Is there a post-credit scene?
I couldn't verify a post-credit scene for the 2024 film From the Ashes from the available results. The search results only returned general post-credits databases and an unrelated title, so I can't confirm whether this specific movie has one or describe it accurately based on the evidence provided.
If you want, I can help identify the exact 2024 film you mean, since there are multiple works with similar titles.
Who is the mysterious carpenter Metin, and why does Gökçe become obsessed with him?
The central character behind Gökçe's obsession is Metin Ali, also called "M," a carpenter in Balat with tattoos and a rooftop view in Istanbul, who appears to match the mysterious man described in the manuscript.

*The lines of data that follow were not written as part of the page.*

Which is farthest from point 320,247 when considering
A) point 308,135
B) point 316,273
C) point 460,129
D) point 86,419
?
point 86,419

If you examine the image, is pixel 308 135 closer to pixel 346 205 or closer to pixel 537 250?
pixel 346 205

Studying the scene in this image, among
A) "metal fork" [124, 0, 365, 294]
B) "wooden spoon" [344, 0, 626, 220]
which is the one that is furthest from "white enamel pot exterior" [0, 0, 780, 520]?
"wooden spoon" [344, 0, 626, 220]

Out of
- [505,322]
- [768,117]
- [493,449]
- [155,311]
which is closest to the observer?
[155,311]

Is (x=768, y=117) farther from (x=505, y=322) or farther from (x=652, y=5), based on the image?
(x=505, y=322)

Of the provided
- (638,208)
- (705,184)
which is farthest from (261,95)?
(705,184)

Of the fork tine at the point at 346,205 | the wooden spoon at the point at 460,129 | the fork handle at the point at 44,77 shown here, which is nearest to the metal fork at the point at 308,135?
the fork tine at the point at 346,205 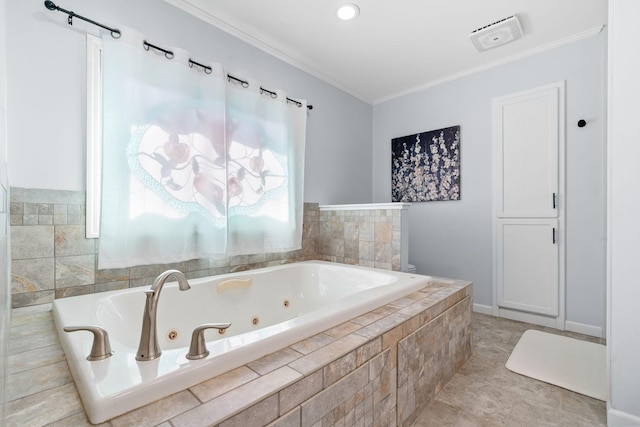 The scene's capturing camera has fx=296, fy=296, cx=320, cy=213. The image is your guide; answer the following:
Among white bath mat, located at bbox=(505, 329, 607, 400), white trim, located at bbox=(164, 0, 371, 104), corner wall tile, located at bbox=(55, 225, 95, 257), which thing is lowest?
white bath mat, located at bbox=(505, 329, 607, 400)

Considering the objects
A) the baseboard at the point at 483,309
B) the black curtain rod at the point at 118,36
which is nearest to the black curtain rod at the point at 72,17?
the black curtain rod at the point at 118,36

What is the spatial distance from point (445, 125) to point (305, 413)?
2.96m

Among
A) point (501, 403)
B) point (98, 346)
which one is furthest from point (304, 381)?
point (501, 403)

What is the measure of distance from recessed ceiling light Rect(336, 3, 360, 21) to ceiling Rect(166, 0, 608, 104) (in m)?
0.03

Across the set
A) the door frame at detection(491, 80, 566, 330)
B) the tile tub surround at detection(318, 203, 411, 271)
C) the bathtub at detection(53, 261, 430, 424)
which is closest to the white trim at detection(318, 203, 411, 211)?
the tile tub surround at detection(318, 203, 411, 271)

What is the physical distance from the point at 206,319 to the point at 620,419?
2.02m

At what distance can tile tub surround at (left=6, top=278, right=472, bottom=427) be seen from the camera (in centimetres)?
70

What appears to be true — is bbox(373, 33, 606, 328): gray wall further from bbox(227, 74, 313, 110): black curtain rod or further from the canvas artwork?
bbox(227, 74, 313, 110): black curtain rod

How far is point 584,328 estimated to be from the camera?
2.30m

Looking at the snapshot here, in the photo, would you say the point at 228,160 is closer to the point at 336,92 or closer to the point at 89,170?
the point at 89,170

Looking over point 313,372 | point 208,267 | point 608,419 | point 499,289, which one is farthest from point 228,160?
point 499,289

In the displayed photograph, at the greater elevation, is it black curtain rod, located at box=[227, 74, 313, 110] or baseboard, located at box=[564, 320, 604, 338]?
black curtain rod, located at box=[227, 74, 313, 110]

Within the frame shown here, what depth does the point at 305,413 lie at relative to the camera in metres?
0.82

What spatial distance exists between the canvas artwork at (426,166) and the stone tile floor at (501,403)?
→ 1658 mm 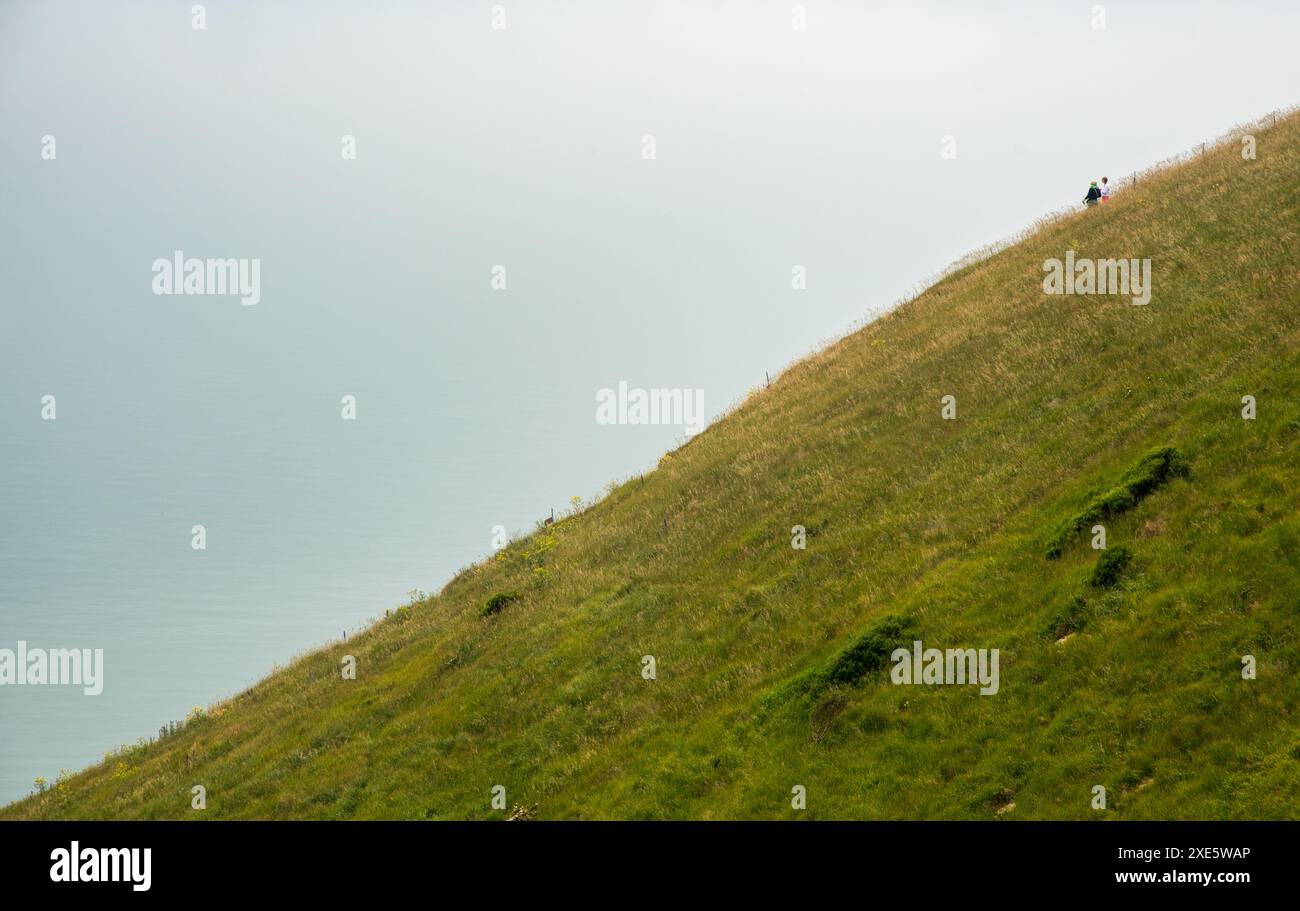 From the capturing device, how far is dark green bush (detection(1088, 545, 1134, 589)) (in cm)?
2370

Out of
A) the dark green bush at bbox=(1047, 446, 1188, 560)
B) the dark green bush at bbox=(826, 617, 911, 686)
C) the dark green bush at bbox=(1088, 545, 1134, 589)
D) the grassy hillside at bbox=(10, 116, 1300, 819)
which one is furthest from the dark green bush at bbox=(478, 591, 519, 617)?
the dark green bush at bbox=(1088, 545, 1134, 589)

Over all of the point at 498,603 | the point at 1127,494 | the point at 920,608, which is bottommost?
the point at 920,608

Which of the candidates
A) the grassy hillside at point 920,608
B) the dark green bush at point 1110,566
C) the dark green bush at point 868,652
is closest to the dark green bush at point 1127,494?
the grassy hillside at point 920,608

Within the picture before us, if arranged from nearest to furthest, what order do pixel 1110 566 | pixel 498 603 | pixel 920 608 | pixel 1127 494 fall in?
pixel 1110 566 < pixel 1127 494 < pixel 920 608 < pixel 498 603

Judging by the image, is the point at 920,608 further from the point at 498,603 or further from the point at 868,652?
the point at 498,603

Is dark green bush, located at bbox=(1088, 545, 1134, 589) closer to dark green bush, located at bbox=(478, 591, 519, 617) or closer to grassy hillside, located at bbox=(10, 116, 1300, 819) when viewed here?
grassy hillside, located at bbox=(10, 116, 1300, 819)

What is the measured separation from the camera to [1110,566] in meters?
23.9

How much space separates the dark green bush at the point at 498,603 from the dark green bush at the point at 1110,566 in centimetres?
2202

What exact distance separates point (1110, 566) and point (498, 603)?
2280cm

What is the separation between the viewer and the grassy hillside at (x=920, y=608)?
67.6 feet

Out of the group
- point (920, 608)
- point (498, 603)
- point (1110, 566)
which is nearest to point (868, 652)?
point (920, 608)

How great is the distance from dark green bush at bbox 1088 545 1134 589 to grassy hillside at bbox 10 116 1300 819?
8 centimetres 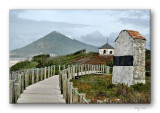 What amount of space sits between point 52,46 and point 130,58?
3.25 metres

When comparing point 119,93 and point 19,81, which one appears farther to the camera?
point 119,93

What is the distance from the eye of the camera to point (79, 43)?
9.41 m

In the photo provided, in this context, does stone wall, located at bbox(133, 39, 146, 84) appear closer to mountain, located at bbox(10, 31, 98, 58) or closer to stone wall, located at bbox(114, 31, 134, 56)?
stone wall, located at bbox(114, 31, 134, 56)

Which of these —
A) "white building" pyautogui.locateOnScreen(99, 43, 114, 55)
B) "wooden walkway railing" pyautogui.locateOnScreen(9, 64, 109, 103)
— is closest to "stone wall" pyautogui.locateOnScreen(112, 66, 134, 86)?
"white building" pyautogui.locateOnScreen(99, 43, 114, 55)

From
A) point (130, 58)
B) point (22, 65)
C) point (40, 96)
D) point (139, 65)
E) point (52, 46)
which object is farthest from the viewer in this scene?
point (130, 58)

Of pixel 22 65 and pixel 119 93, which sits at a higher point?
pixel 22 65

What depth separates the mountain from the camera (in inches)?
353

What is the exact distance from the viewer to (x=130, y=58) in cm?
1038

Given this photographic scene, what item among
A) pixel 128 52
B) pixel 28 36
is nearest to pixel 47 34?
pixel 28 36

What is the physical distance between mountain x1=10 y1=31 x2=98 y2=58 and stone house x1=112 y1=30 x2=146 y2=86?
5.45 ft

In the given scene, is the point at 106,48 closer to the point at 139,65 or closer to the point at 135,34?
the point at 135,34

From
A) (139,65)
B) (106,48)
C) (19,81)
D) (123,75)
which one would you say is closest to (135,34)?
(139,65)

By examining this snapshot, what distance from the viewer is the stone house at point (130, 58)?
10.1 m

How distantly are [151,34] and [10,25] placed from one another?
4964 mm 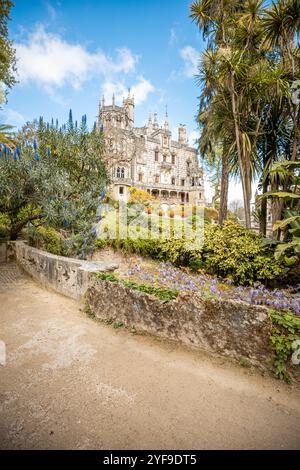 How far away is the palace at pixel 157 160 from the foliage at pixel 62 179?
33.3 metres

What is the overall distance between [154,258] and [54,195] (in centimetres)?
401

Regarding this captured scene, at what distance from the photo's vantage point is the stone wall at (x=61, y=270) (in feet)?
14.7

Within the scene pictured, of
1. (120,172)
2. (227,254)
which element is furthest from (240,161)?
(120,172)

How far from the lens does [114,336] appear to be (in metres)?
3.36

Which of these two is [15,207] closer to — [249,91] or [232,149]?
[232,149]

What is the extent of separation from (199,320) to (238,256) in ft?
11.0

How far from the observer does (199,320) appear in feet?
9.70

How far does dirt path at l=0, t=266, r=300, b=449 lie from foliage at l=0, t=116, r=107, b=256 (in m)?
3.38

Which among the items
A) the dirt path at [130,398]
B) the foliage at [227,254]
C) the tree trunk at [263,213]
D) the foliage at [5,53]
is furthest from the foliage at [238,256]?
the foliage at [5,53]

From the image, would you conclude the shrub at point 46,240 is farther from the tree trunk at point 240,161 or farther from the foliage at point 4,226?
the tree trunk at point 240,161

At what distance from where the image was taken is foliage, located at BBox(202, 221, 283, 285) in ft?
18.3

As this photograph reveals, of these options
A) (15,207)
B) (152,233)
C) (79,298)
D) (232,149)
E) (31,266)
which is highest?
(232,149)

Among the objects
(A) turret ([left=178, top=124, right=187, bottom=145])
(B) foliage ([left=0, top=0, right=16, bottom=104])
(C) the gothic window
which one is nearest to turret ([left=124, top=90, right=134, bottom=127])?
(A) turret ([left=178, top=124, right=187, bottom=145]) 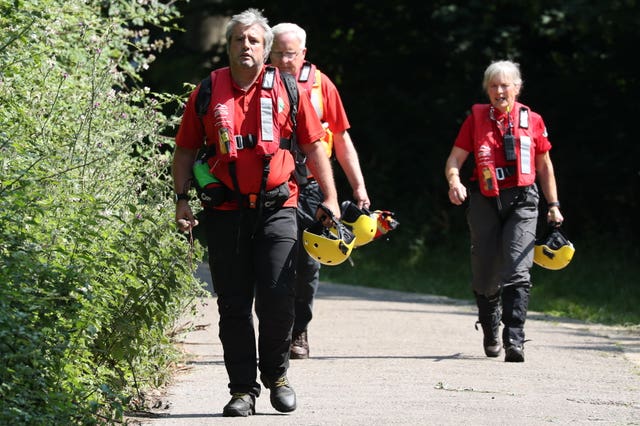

Gökçe is drawn to him because the unpublished novel she finds seems to mirror a hidden romantic life she wants to believe is real, and she becomes convinced that Metin is the living version of the book's carpenter figure.
What is in the manuscript that Gökçe finds, and how does it connect to her real life?
The manuscript titled Ashes/Kül centers on a romance involving a woman and a carpenter named "M," and Gökçe becomes fixated on whether the story is based on real events. The book connects to her real life because it reaches her while she is already emotionally dissatisfied in her marriage, and she starts treating the fiction as a clue to an actual person and place.
How does Gökçe’s relationship with Kenan change after she starts following the manuscript’s clues?
Gökçe's relationship with Kenan deteriorates as she spends more time pursuing the manuscript's world and less time within her marriage. Kenan grows suspicious and upset as Gökçe becomes increasingly absorbed by the mystery and by her attraction to Metin, which creates mounting conflict between husband and wife.
What role does Duygu play in the story behind the manuscript?
Duygu is tied to the manuscript's backstory and to the emotional injury at the center of the film's mystery. According to the explanation in the ending analysis, Metin made Duygu fall in love with him and then slept with her sister, which broke her heart and contributed to her death.
Is the carpenter and the story in the manuscript actually real, or just fiction?
The film keeps that question deliberately unstable, but the most plausible reading described by critics is that the events are real enough to have inspired the manuscript and its aftermath. In that interpretation, Duygu's suicide, Gökçe's affair with Metin, and Kenan's death are all part of a chain of real events that someone later turns into a new book.
Is this family friendly?
Yes -- From the Ashes (2024) appears to have mild profanity, mild alcohol/drug/smoking content, and moderate frightening or intense scenes, but no sex/nudity or violence/gore were noted in the available parental guide data.
Potentially upsetting aspects for children or sensitive viewers include frightening or tense moments and some mild language. The IMDb parental guide does not list specific scenes yet, so the exact upsetting content is not detailed there.
Because the available information is limited, I'd treat it as not fully verified for very young children or especially sensitive viewers.